* Data records:
╔══

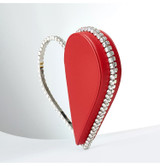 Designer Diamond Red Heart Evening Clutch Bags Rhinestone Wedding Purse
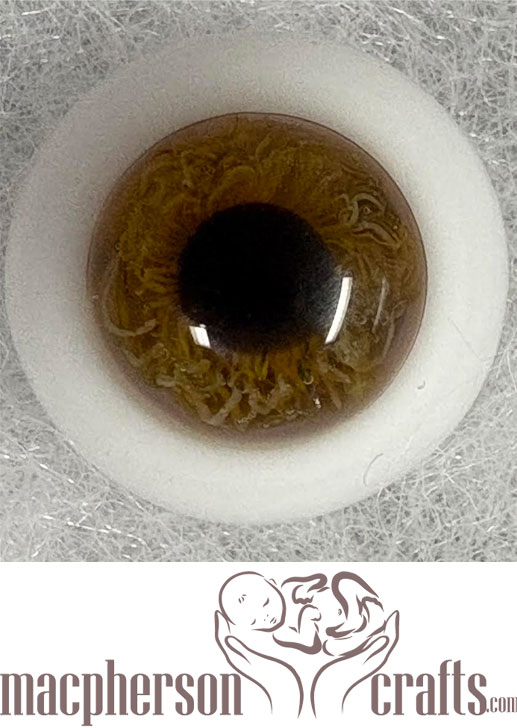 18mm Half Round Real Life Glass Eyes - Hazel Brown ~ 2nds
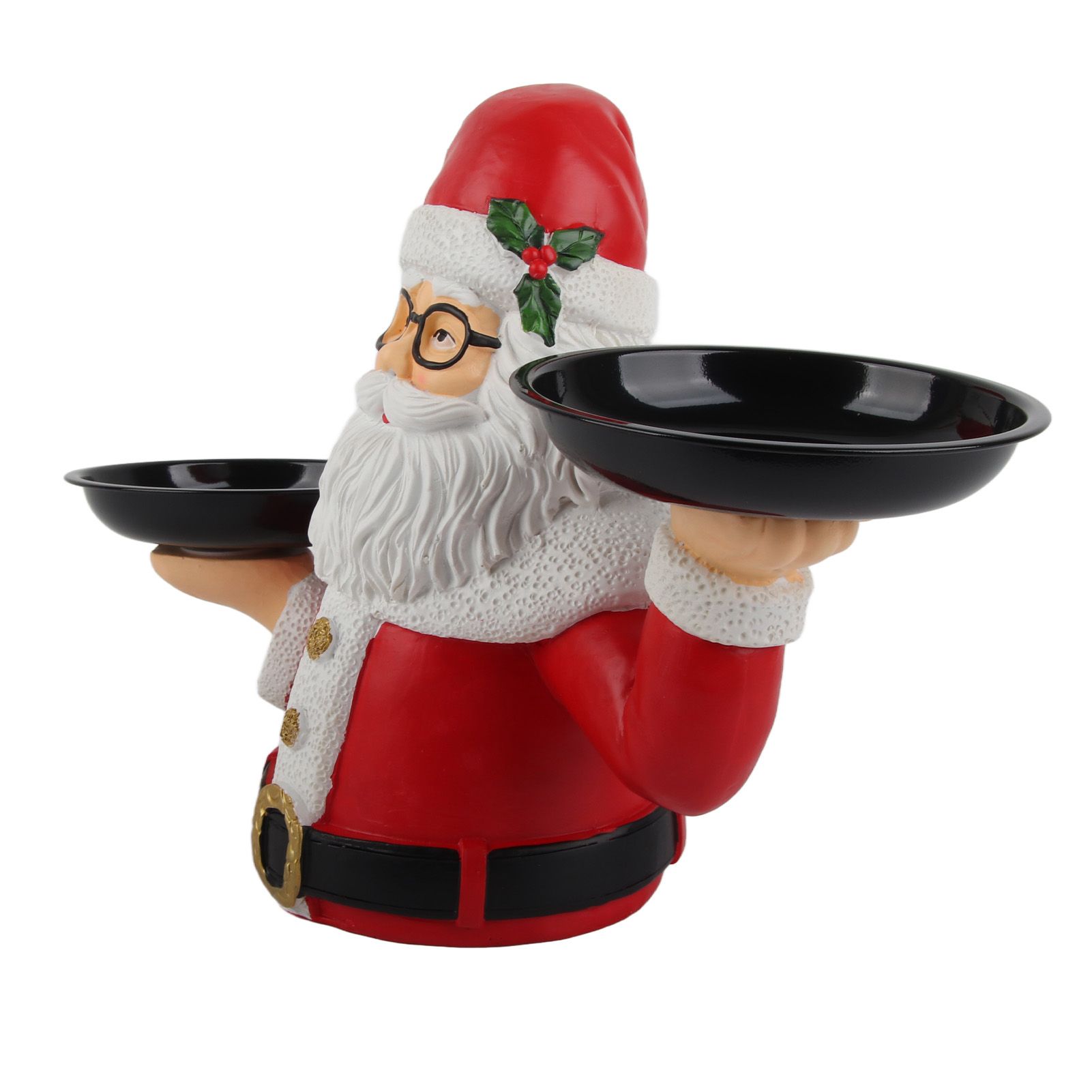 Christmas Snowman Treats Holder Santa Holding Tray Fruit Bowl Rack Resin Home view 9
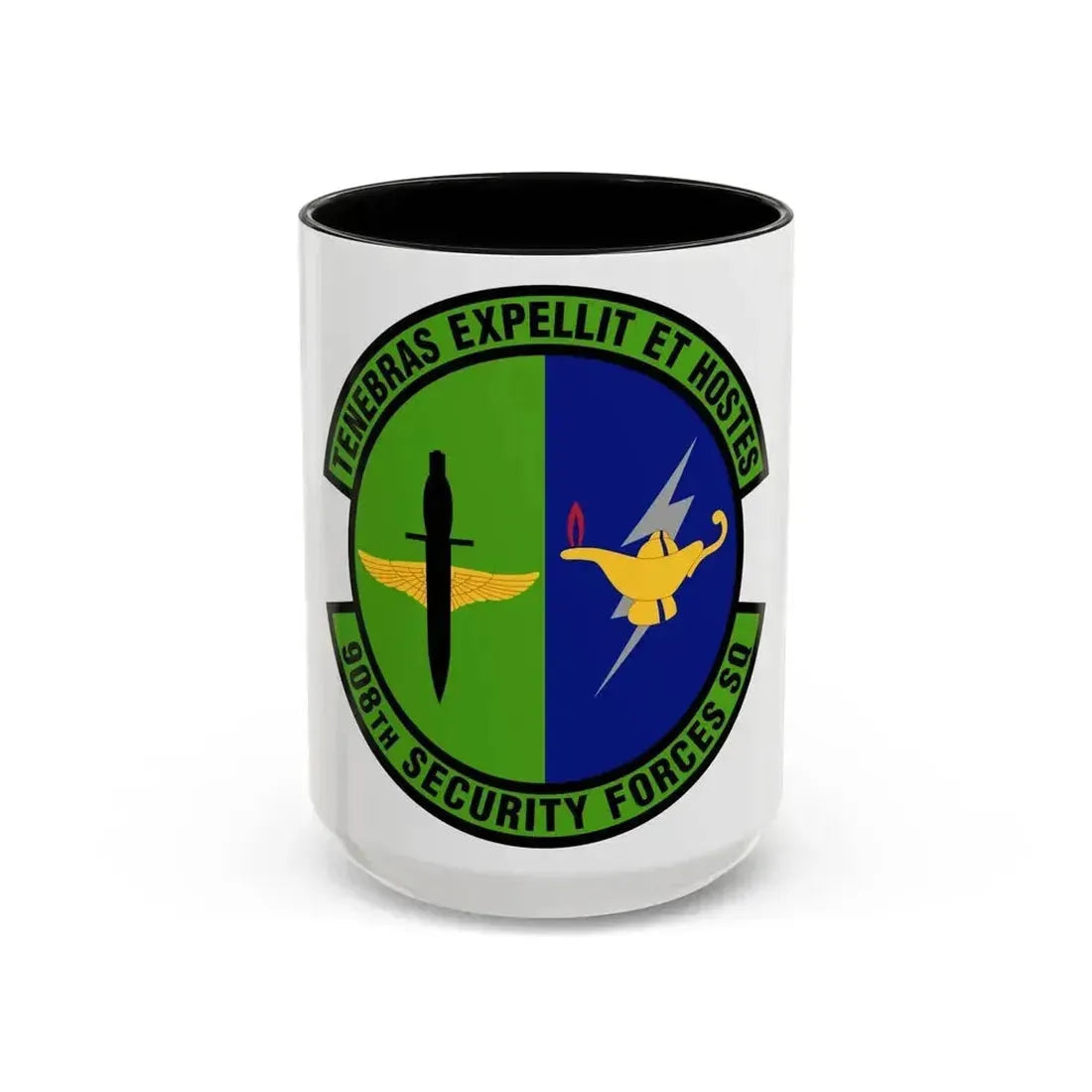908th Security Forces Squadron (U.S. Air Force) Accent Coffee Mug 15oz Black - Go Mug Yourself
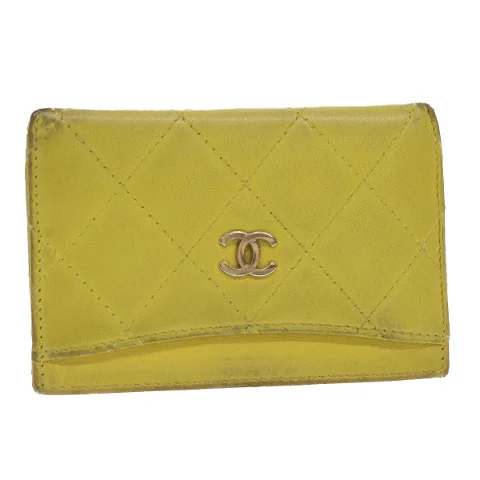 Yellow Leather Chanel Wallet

╚══
╔══

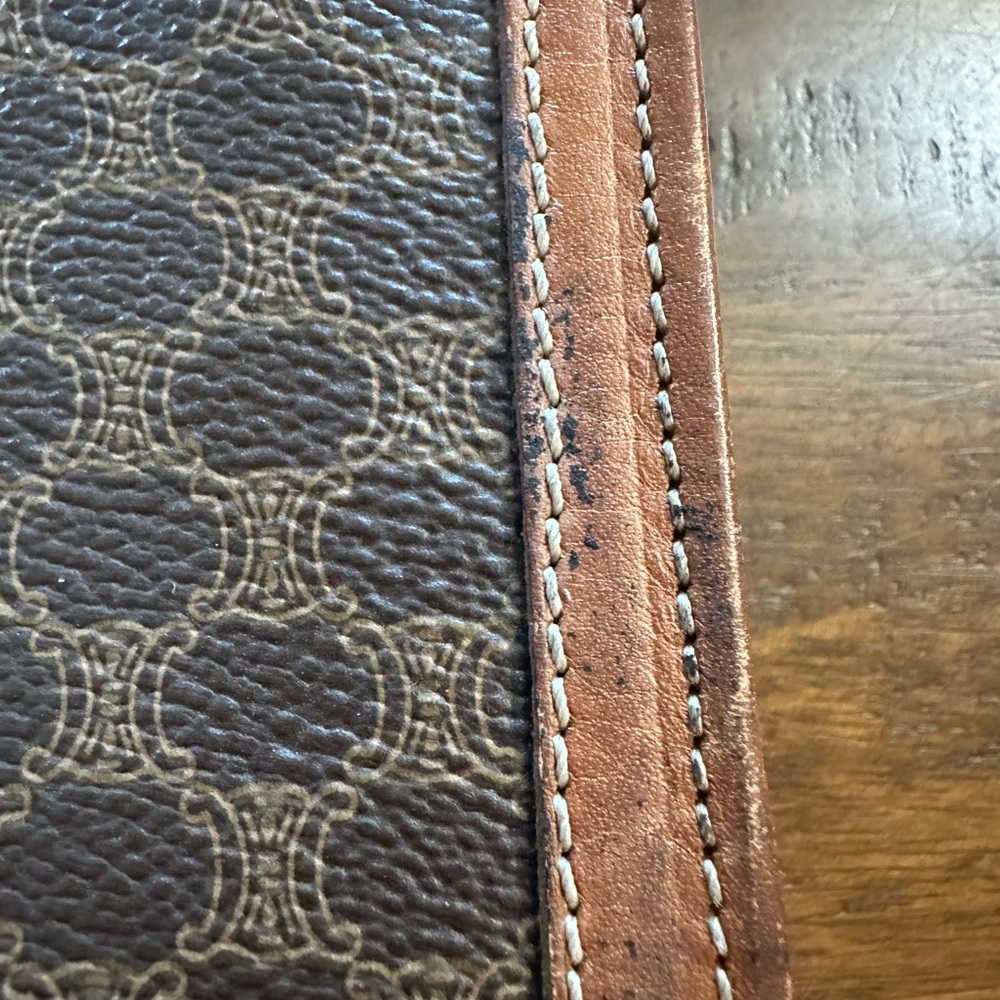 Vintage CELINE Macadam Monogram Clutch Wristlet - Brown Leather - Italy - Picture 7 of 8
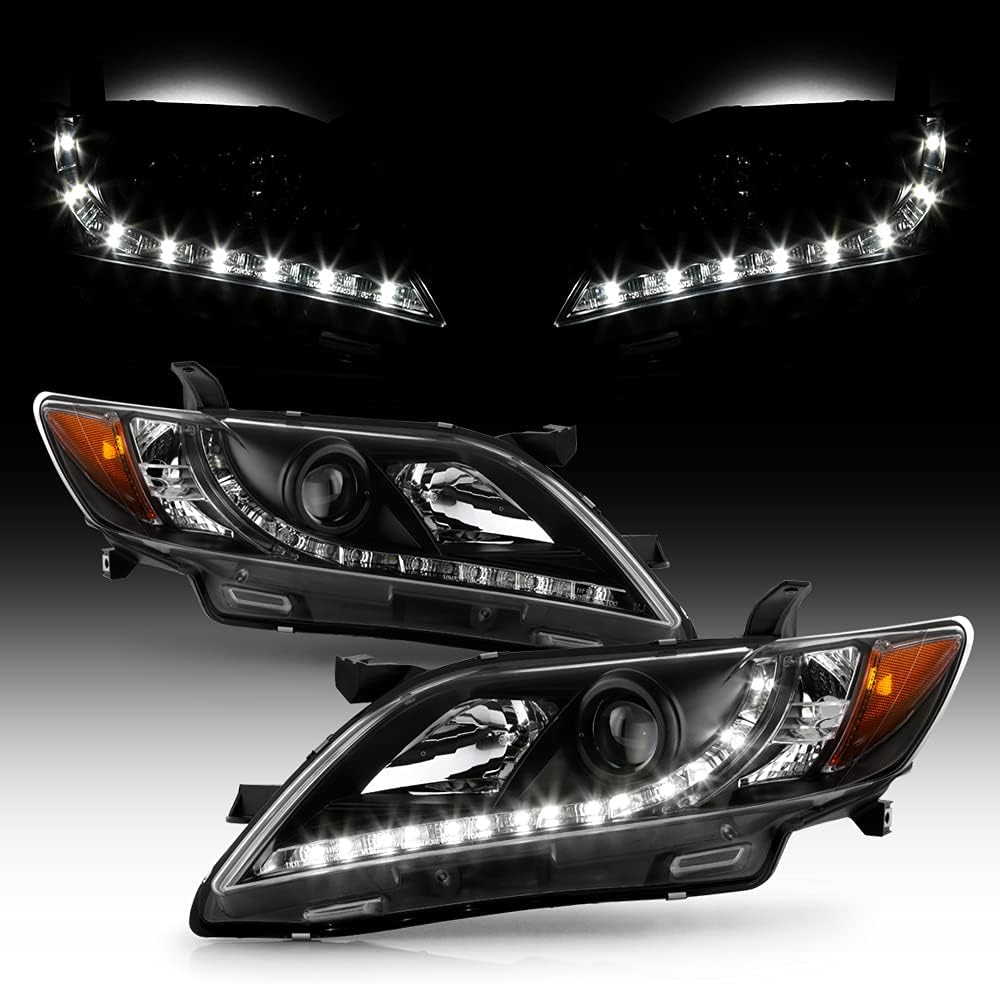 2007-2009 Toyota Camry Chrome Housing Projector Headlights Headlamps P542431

╚══

* About this exercise:
Pictures aside, print exactly the lines above starting with the one containing "18mm Half Round" and going on through the one containing "Yellow Leather Chanel Wallet".

* Answer for the task:
 18mm Half Round Real Life Glass Eyes - Hazel Brown ~ 2nds
 Christmas Snowman Treats Holder Santa Holding Tray Fruit Bowl Rack Resin Home view 9
908th Security Forces Squadron (U.S. Air Force) Accent Coffee Mug 15oz Black - Go Mug Yourself
 Yellow Leather Chanel Wallet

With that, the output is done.